A fixed-length message has its precise length determined at compile time. Specifically, it is the second argument to the MERCURY_FIXED_MESSAGE macro that declares it.
Therefore, the header of a fixed-length message is simply its message ID. The message payload immediately follows the header, and must have the exact length given in the interface definition.
Although all fixed-length messages are treated equally during low-level Mercury processing, there are different macros that can declare them, which result in different handling in the callbacks that receive the unpacked messages.
The most common example of this is the MERCURY_STRUCT_MESSAGE declaration. A message type declared in this way is simply a fixed-length message whose length is equal to the sum of the sizes of the fields of the struct.
The advantage of using a struct message instead of a vanilla fixed-length one is that the object passed to the callback registered for this message type will be an object whose fields match those of the struct. The callback can therefore access them by name, and with the correct types, instead of having to extract bytes at particular offsets and lengths inside the binary data blob, and then cast them to the desired types.

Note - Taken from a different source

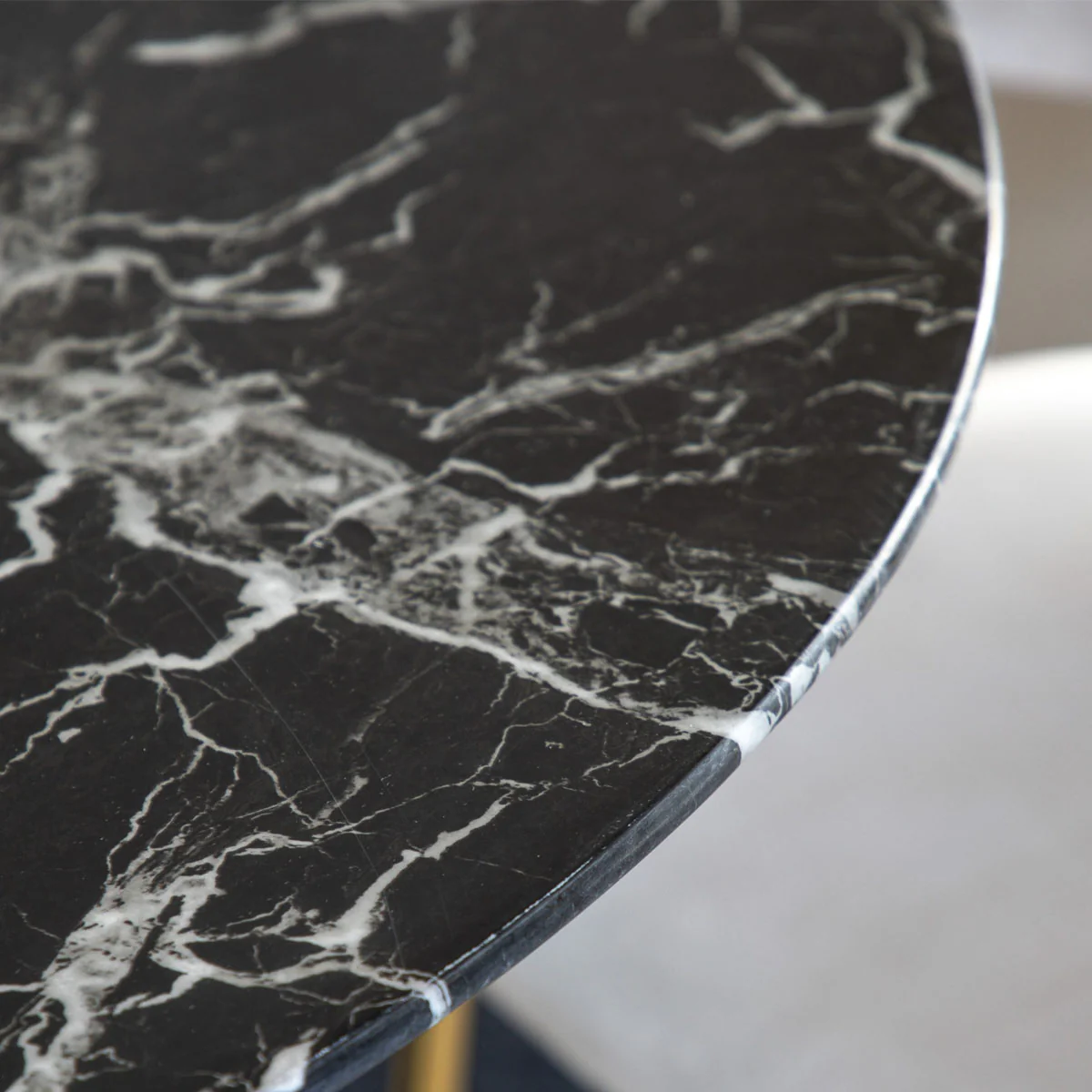 Gallery Direct Fielding Dining Table Black Effect 1100x1100x750mm - Image 2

The header for a variable-length message is the message ID, followed by a short field that specifies the exact size of the message payload.
The length of the field specifying the payload size is the second argument to the MERCURY_VARIABLE_MESSAGE macro that declares the message type.
For example, from bigworld/src/common/login_interface.hpp:
MERCURY_VARIABLE_MESSAGE( login, 2, &gLoginHandler )
The length field in a login message header will therefore be 2 bytes long.
The footers that are present on Mercury packet are specified by the field header, which is the first byte of the packet, and must appear in a specific order.
They are listed in the following sub-sections in reverse order, i.e., from the end of the packet towards the messages.
If a packet has the header FLAG_IS_FRAGMENT, then it is part of a chain of packets where messages span the packet boundaries.
Typically, this will occur when trying to send messages larger than the maximum allowable UDP packet size (e.g., large writes to the database).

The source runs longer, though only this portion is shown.